Bogotá, le 14 décembre 2010. Pochoir de DJ LU.  Photo : D. Fellous/Libre arbitre

Est ainsi ouverte la possibilité d'exclure du champ d'application de la loi les victimes des dites Bacrim, considérant qu'elles ne sont pas victimes d'une des parties du conflit mais de simples criminels de droit commun. Schématiquement, on garantirait ainsi l'indemnisation aux grands propriétaires terriens rackettés par la guérilla, tandis que le paysan chassé de sa terre par une "bande émergente" au service du même grand propriétaire se verrait gratifié d'un aimable que pena (désolé...) par la commission d'attribution. Un loi de victimes à deux vitesses, d'une certaine façon.
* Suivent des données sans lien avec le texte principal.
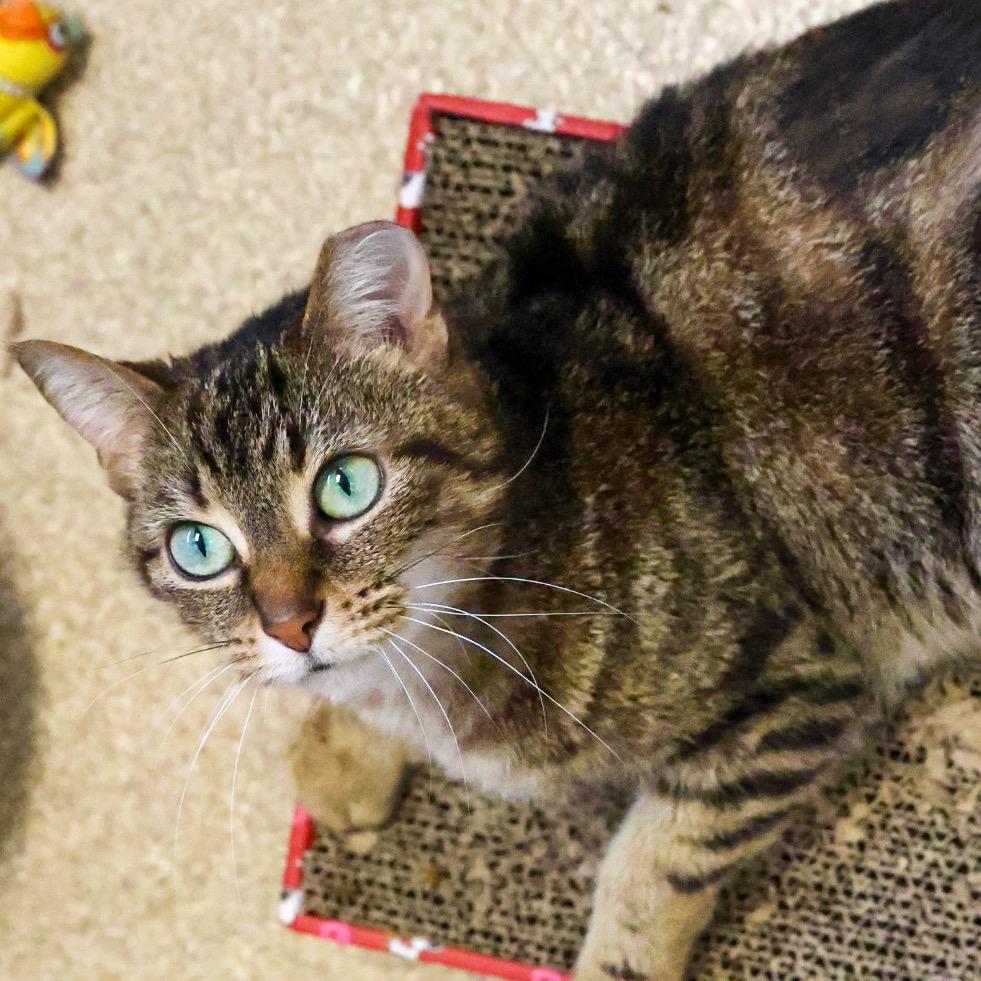 Enlarge Paloma, a Adoptable Domestic Short Hair in Bristol, IN image 4/6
Cette manœuvre aurait aussi pour effet de faire mécaniquement diminuer le nombre total des victimes annuelles du conflit et d'augmenter le pourcentage attribué aux FARC, puisque les statistiques officielles n'y incluraient pas les violations aux Droits de l'Homme causés par les paramilitaires, alors que celles-ci représentent plus de la moitié des cas recensés par les ONG indépendantes.

Il ne s'agit pas de condamner par avance une manipulation qui n'a pas encore eu lieu, ni d'attribuer au président Santos des intentions qu'il ne possède sans doute pas, mais simplement d'attirer l'attention sur le risques éventuels de glissement d'une reconnaissance du conflit à une négation du statut de victimes pour une partie d'entre elles afin de maintenir la vigilance sur ce thème et de s'assurer que la Ley de Victimas ne soit pas détournée de son objectif premier.